● **ASSIGNMENT**:
Carry none of the pictures over; write out the complete data exactly.

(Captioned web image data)
# # # #

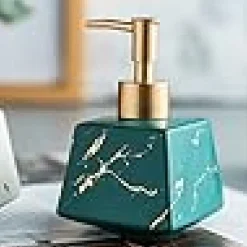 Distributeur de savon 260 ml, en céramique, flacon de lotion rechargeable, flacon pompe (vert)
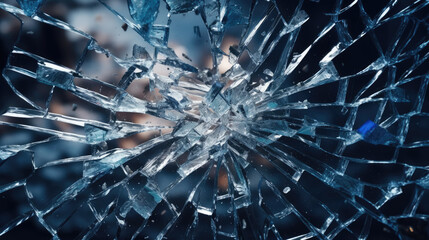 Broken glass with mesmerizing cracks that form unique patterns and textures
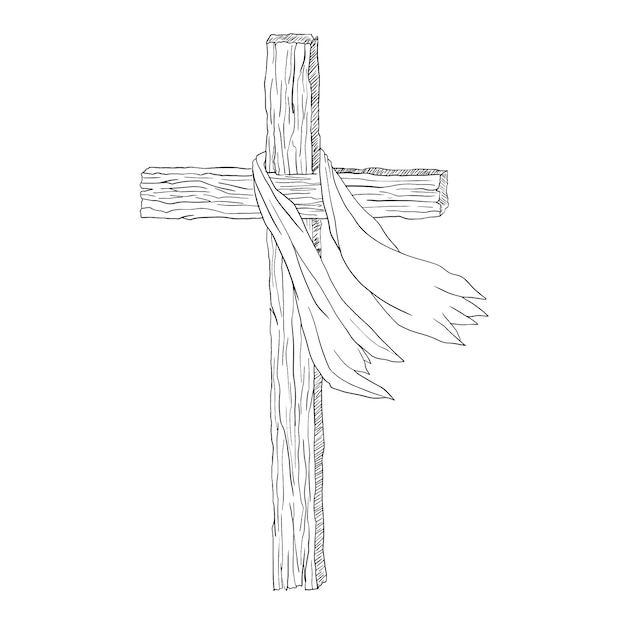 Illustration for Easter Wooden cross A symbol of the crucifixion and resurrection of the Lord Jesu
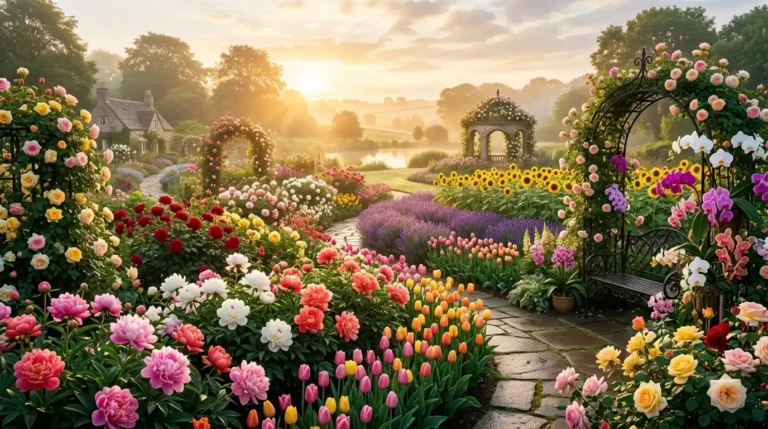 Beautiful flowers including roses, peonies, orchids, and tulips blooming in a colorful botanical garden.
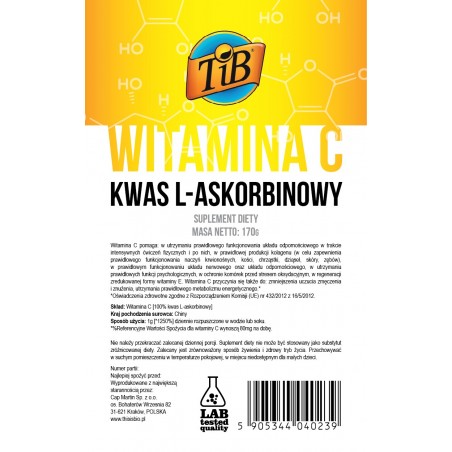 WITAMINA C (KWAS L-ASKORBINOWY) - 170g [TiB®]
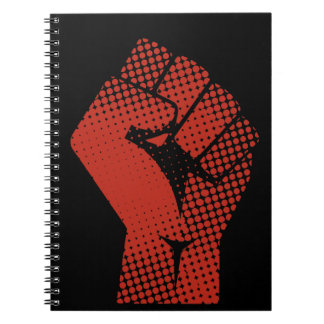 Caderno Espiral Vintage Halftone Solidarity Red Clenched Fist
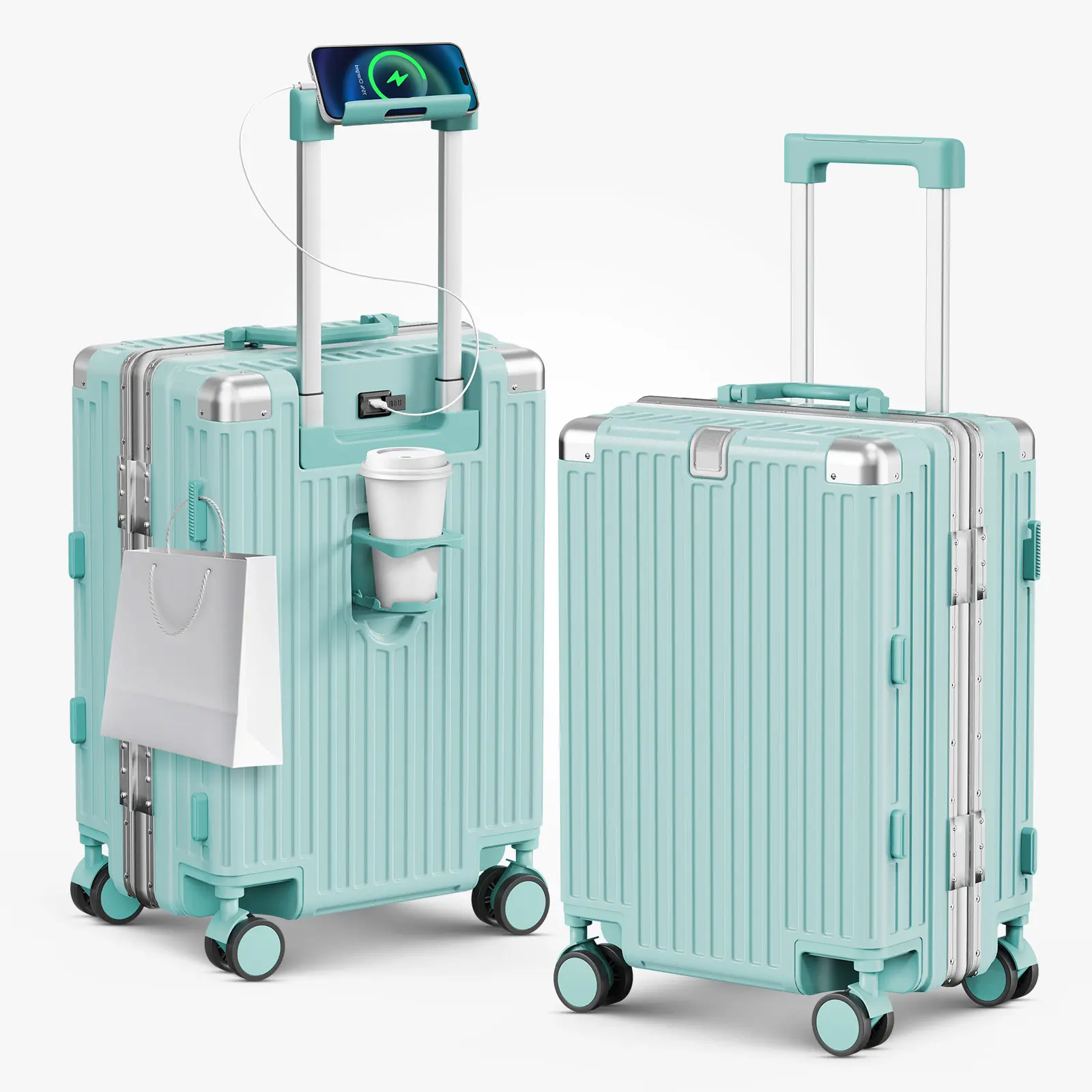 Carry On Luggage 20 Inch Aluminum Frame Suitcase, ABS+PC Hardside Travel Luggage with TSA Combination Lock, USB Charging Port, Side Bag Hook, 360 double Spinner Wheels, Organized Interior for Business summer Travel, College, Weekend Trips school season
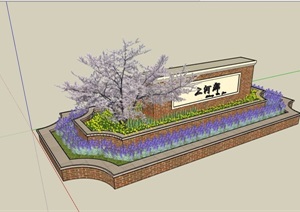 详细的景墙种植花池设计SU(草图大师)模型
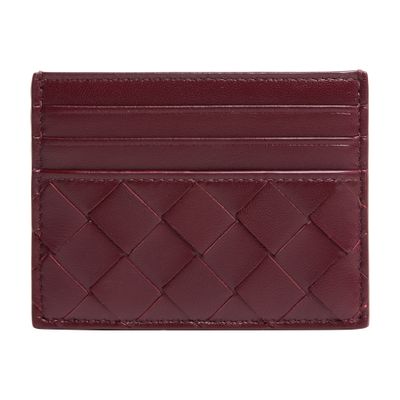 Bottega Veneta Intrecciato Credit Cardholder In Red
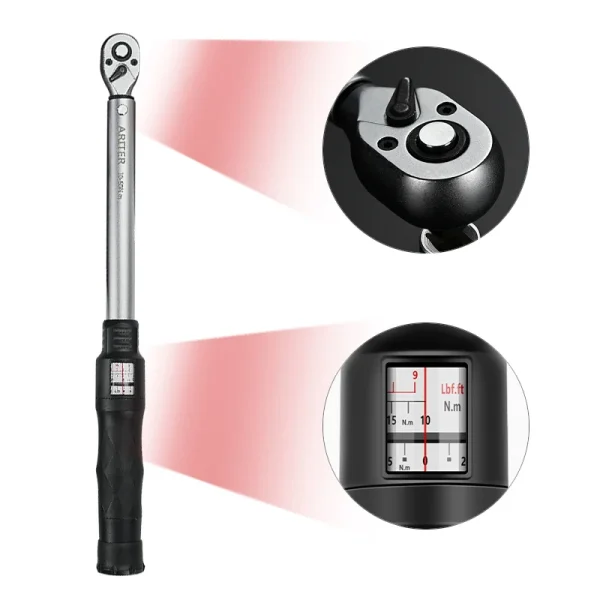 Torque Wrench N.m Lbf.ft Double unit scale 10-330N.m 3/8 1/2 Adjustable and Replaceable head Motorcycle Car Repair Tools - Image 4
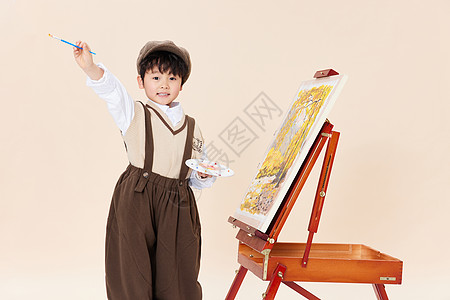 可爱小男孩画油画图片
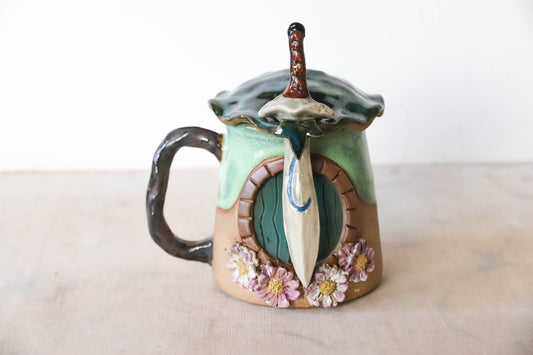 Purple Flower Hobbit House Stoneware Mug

# # # #

● **ANSWER SECTION**:
 Distributeur de savon 260 ml, en céramique, flacon de lotion rechargeable, flacon pompe (vert)
 Broken glass with mesmerizing cracks that form unique patterns and textures
 Illustration for Easter Wooden cross A symbol of the crucifixion and resurrection of the Lord Jesu
 Beautiful flowers including roses, peonies, orchids, and tulips blooming in a colorful botanical garden.
 WITAMINA C (KWAS L-ASKORBINOWY) - 170g [TiB®]
 Caderno Espiral Vintage Halftone Solidarity Red Clenched Fist
 Carry On Luggage 20 Inch Aluminum Frame Suitcase, ABS+PC Hardside Travel Luggage with TSA Combination Lock, USB Charging Port, Side Bag Hook, 360 double Spinner Wheels, Organized Interior for Business summer Travel, College, Weekend Trips school season
 详细的景墙种植花池设计SU(草图大师)模型
 Bottega Veneta Intrecciato Credit Cardholder In Red
 Torque Wrench N.m Lbf.ft Double unit scale 10-330N.m 3/8 1/2 Adjustable and Replaceable head Motorcycle Car Repair Tools - Image 4
 可爱小男孩画油画图片
 Purple Flower Hobbit House Stoneware Mug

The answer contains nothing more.